EXTRACTED MATERIAL Block Start
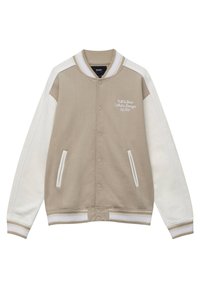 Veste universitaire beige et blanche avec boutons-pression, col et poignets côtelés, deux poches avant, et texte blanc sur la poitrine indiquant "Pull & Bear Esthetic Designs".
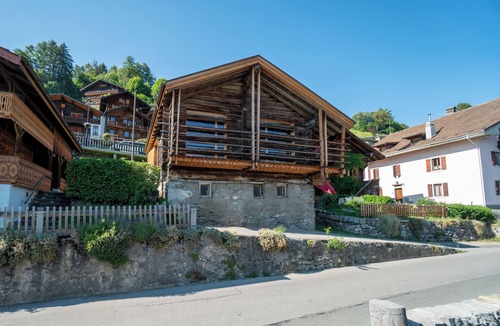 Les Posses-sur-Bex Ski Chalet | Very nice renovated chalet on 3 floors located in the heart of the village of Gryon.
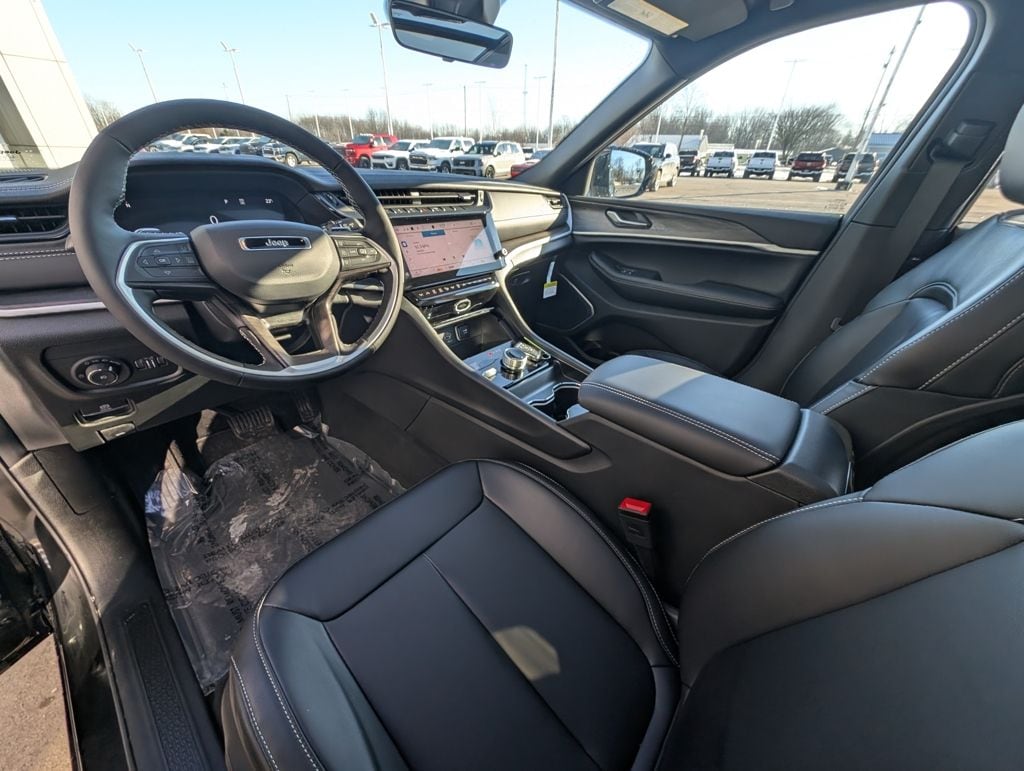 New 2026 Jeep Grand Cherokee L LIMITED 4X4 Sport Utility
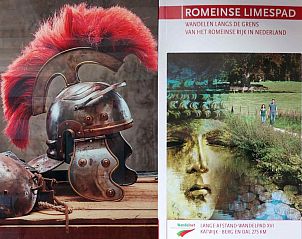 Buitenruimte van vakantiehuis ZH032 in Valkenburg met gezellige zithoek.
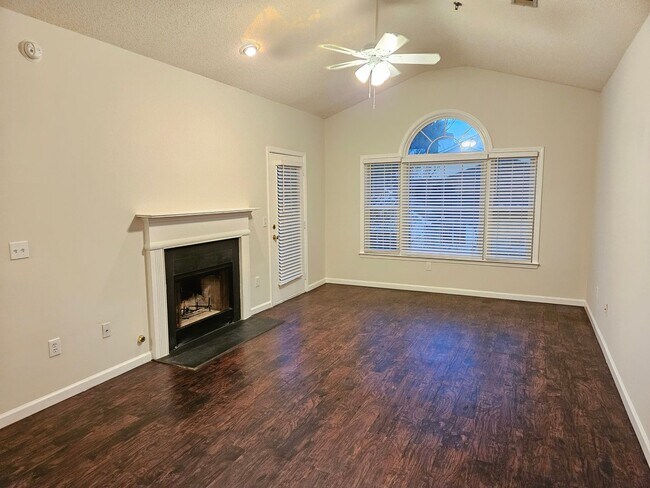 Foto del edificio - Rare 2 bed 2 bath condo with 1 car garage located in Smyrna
EXTRACTED MATERIAL Block End
● **YOUR INSTRUCTIONS**:
Beginning with the line that holds "New 2026 Jeep", return each line through the end of the records above exactly. Do not include pictures.

● **SOLUTION FOR THIS TASK**:
 New 2026 Jeep Grand Cherokee L LIMITED 4X4 Sport Utility
 Buitenruimte van vakantiehuis ZH032 in Valkenburg met gezellige zithoek.
 Foto del edificio - Rare 2 bed 2 bath condo with 1 car garage located in Smyrna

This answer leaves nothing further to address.